“We come, not to mourn our dead soldiers, but to praise them.” Francis A. Walker
Did you know that the red poppy flower is the traditional flower for Memorial Day? Do you know the interesting story of how it came about? It began with a poem and one woman’s pledge to not forget the lives that mattered.
In a 1915 poem titled, “In Flanders Fields,” written by Lieutenant Colonel John McCrae’s, he writes about the ultimate sacrifice made by those fighting for America in World War 1. An American teacher, Moina Belle Michael read his poem and it became her inspiration for the idea of the Flanders Fields Memorial Poppy.

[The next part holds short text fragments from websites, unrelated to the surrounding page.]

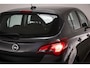 Opel Corsa 1.4 Favourite | FAVOURITE PLUS PACK | DAB | APPLE | NAVIGATIE | TREKHAAK | 16"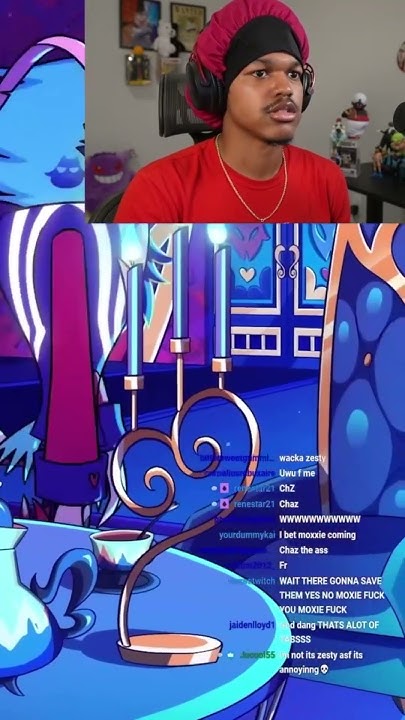 Wackawackamunv2 - YouTube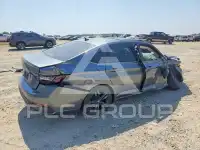 2023 Volkswagen Jetta фото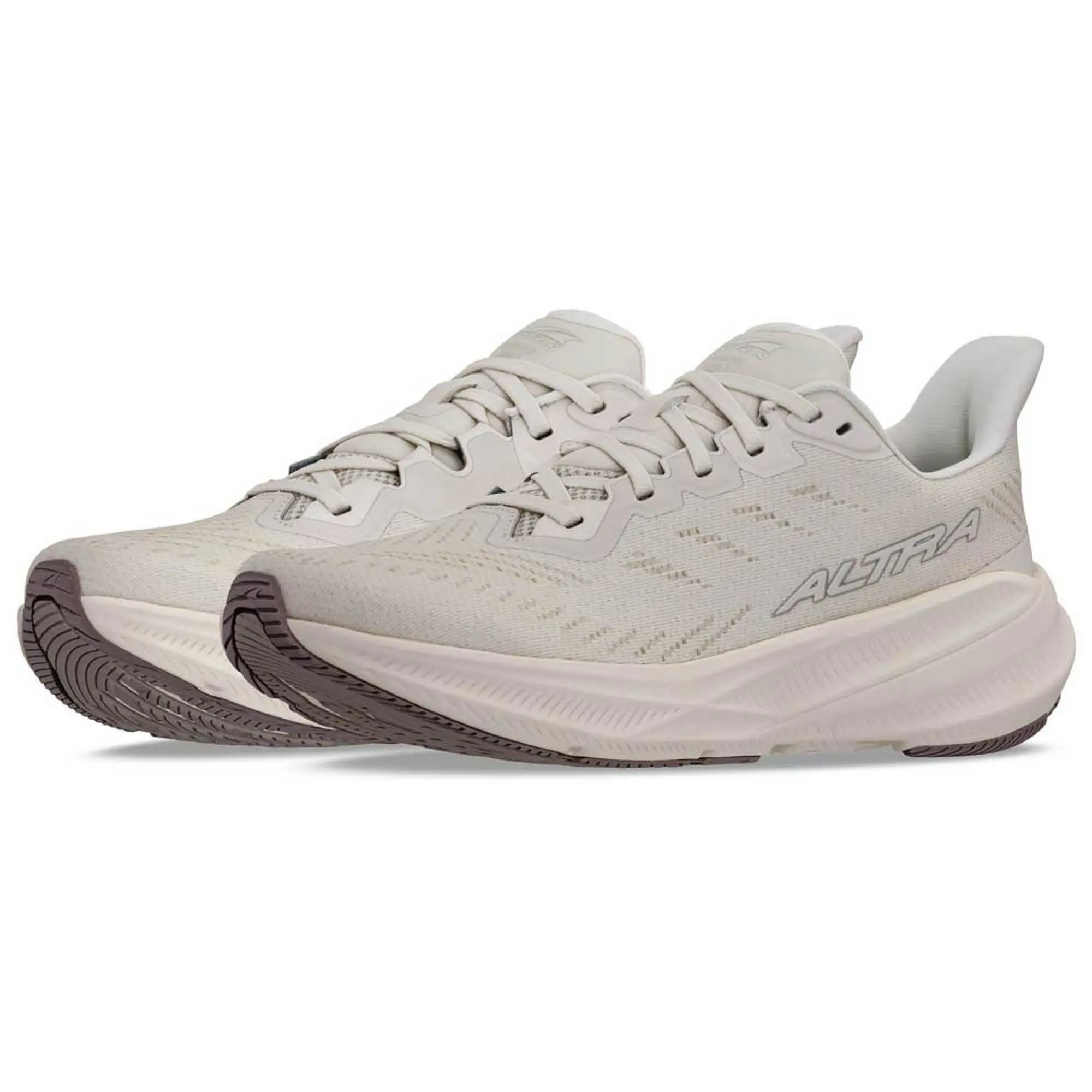 Altra Experience Flow 2 Women's Running Shoes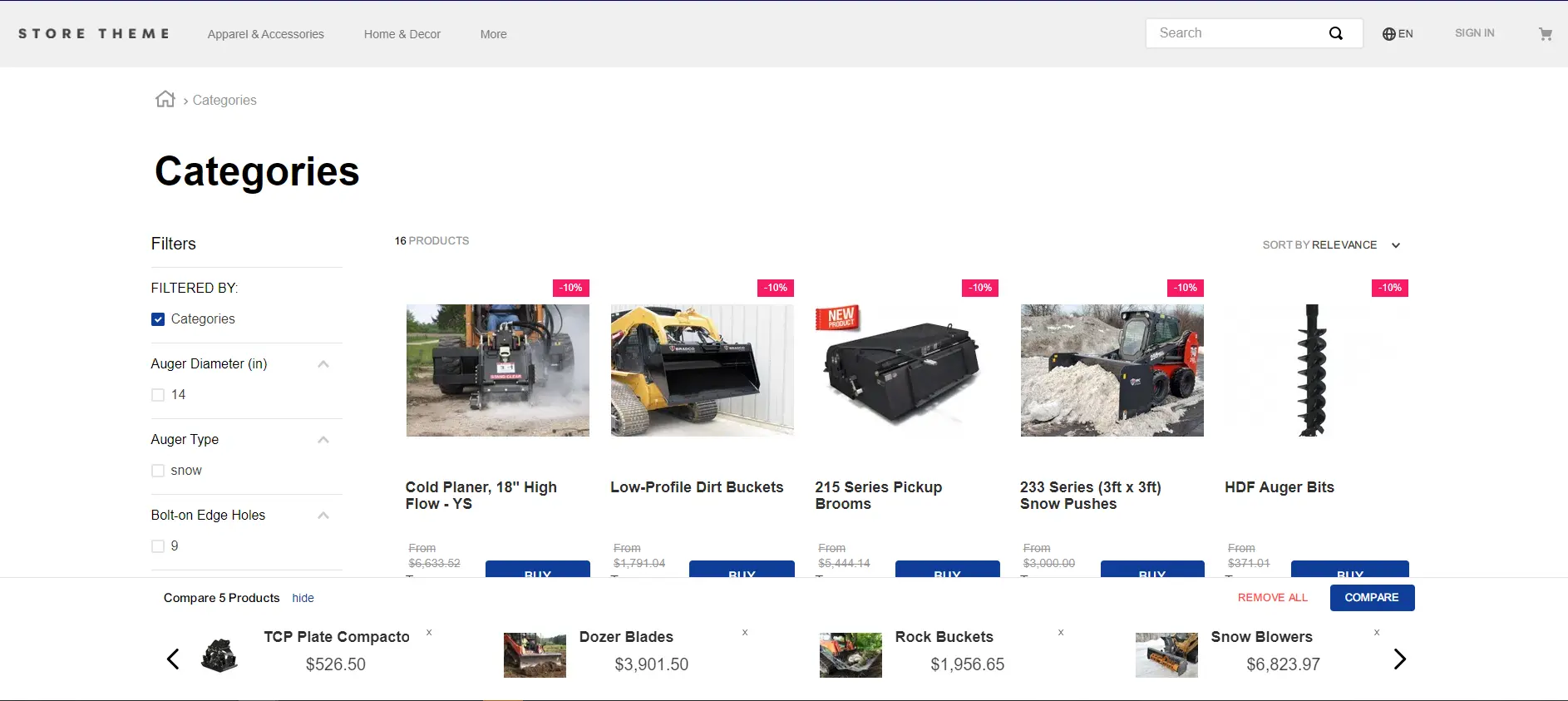 {"base64":" ","img":{"width":1886,"height":843,"type":"png","mime":"image/png","wUnits":"px","hUnits":"px","length":451727,"url":"https://user-images.githubusercontent.com/2637457/90900569-43a41a00-e3e7-11ea-9aa9-9a12bbec8c5e.png"}}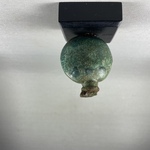 Pilgrim Flask
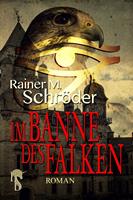   Im Banne des Falken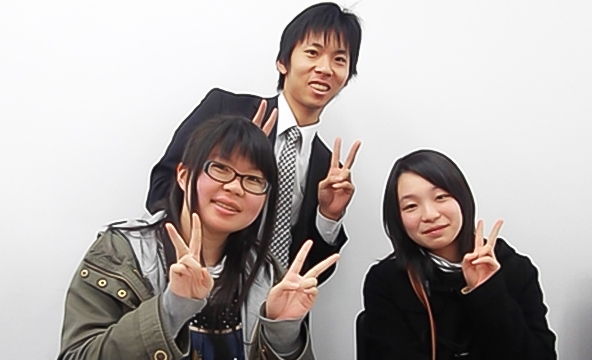 Ｙ・Ｕ様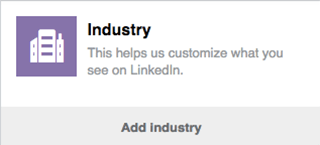 linkedin-ux-profile-guide-5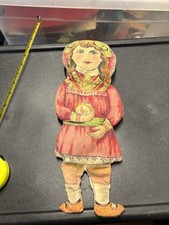 Rag doll vintage for sale  LEEDS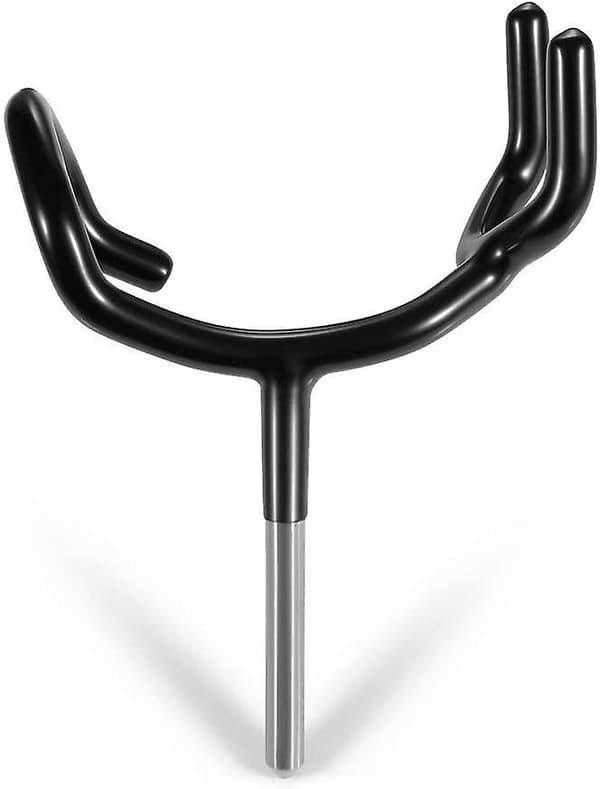 Mikrofon Metall Cantilever Rod Bracket Audio Cantilever Bracket Montering Bracket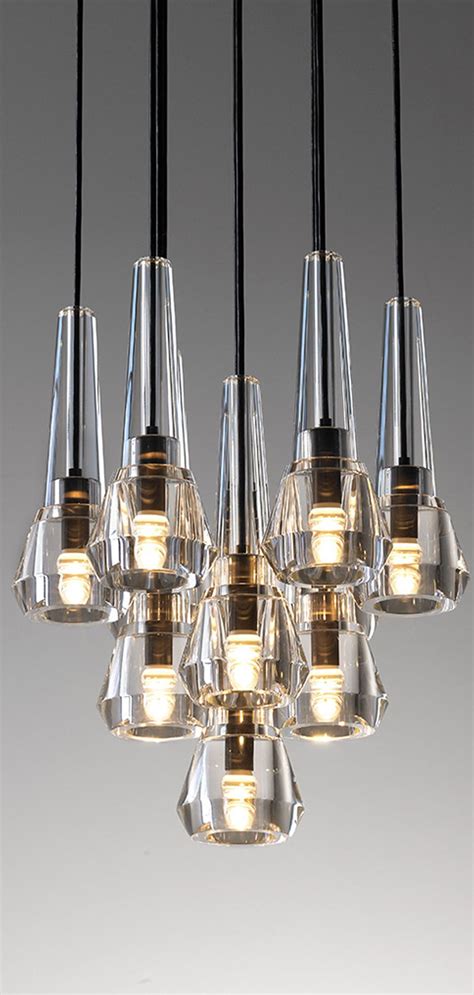 Luxury Chandelier Luxury Lighting Lighting Design Lamp Light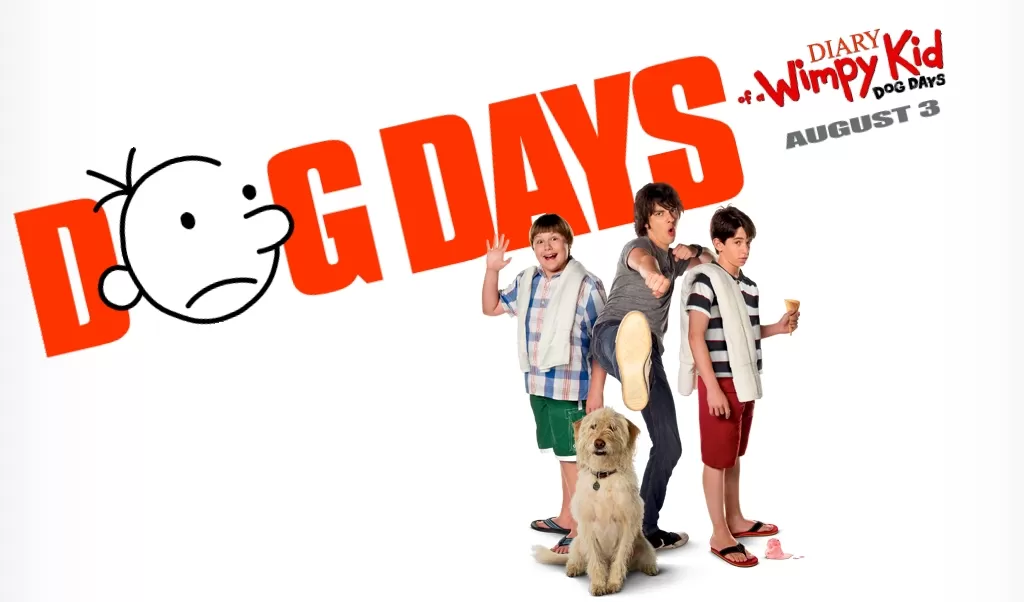 wimpy-kid-3-movie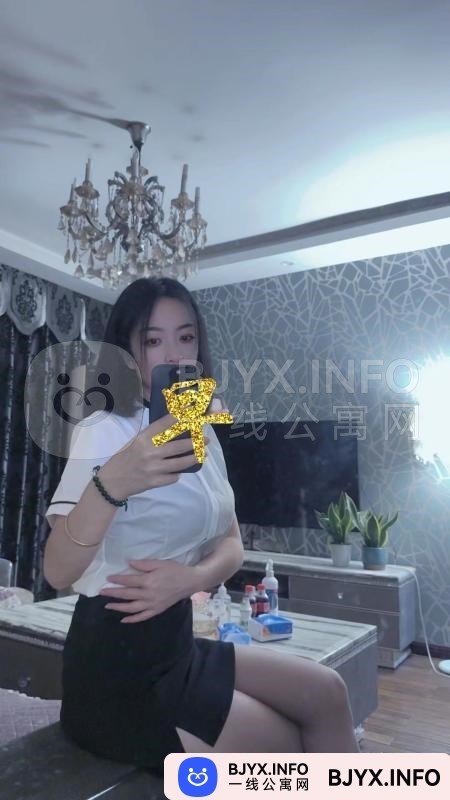 一线体验「重庆•江北」一线B0TTH8号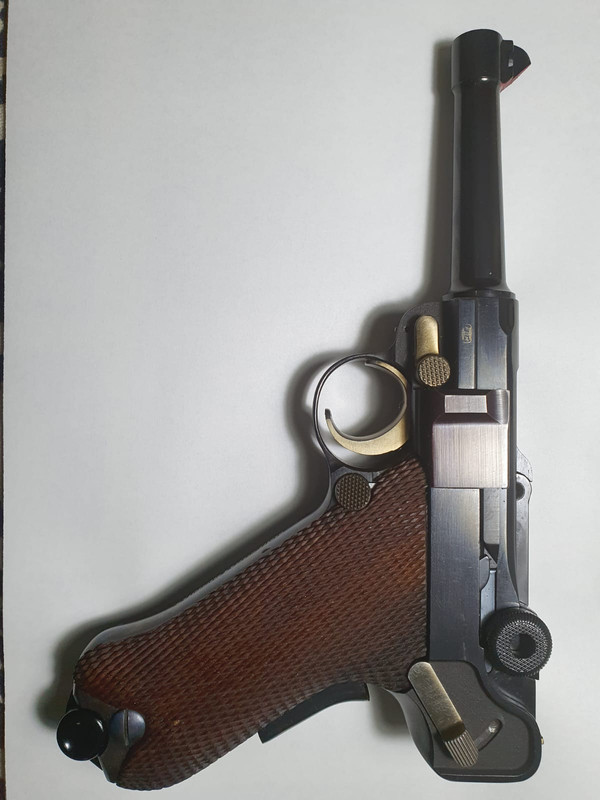 Mauser4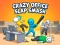 Spel Crazy Office Slap Smash aanlyn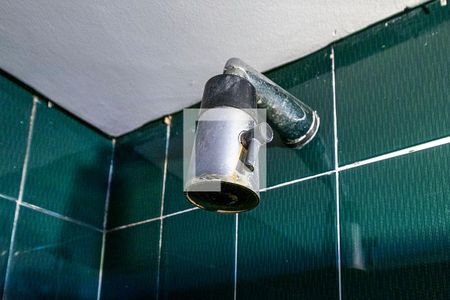 Apartamento à venda com 150m², 3 quartos e 2 vagasBanheiro Social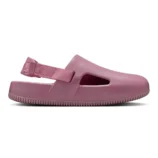 calm mule-nike-3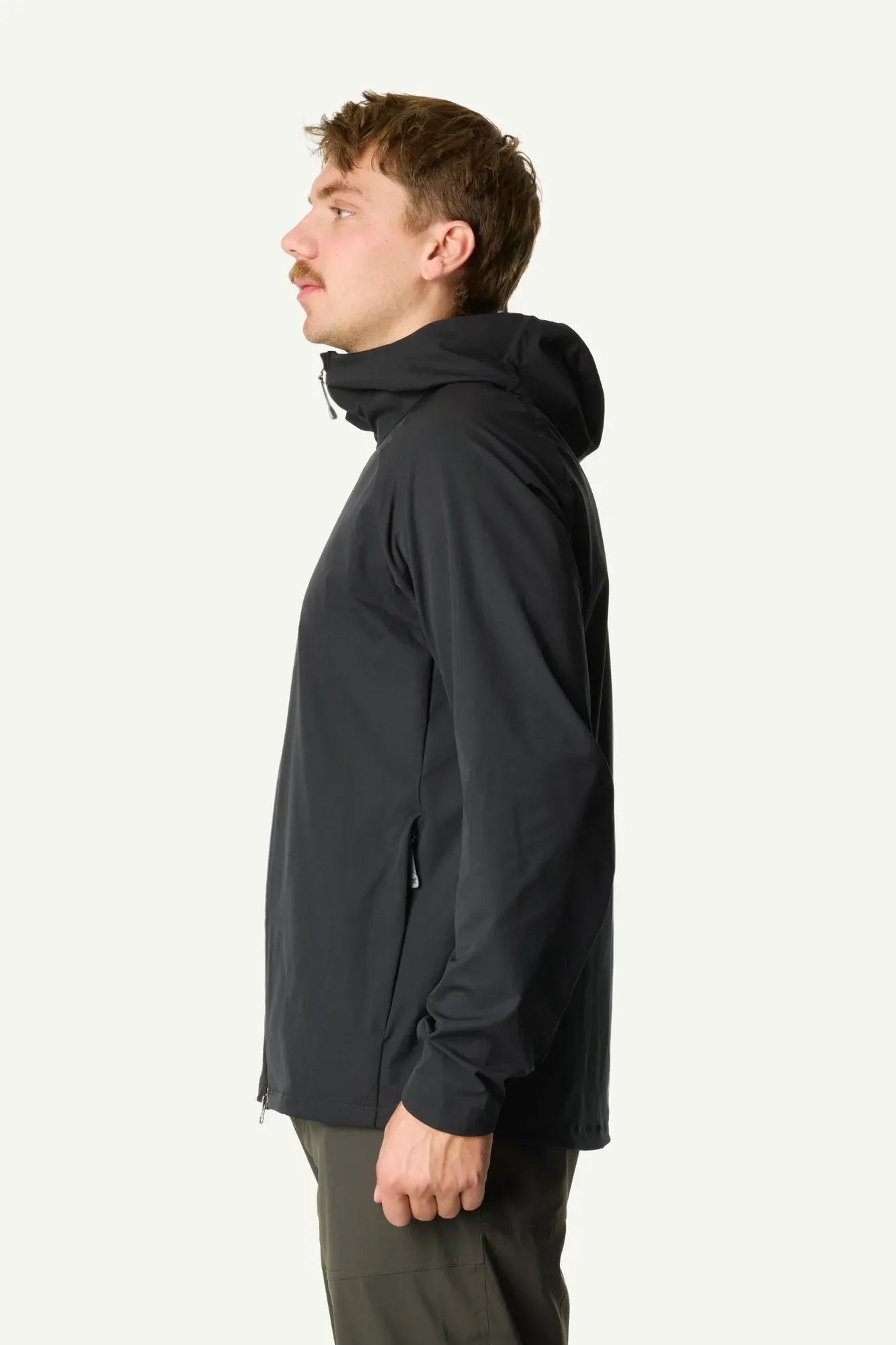 houdini-daybreak-houdi-ii-windjacke-herren-sandstorm-ripstop image 6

Then, in 1918, Moina wrote a poem called, “We Shall Keep the Faith.” It was written in response to the words Lieutenant McCrae penned in his poem, calling on America to catch the torch tossed by those who died in the first world war. Moina took her inspiration one step further by pledging to not forget our soldier’s sacrifice, to honor their service and to remember them–for each one mattered. And to keep the faith. Because of Moina’s dedication the red poppy also serves as the symbol for war veterans.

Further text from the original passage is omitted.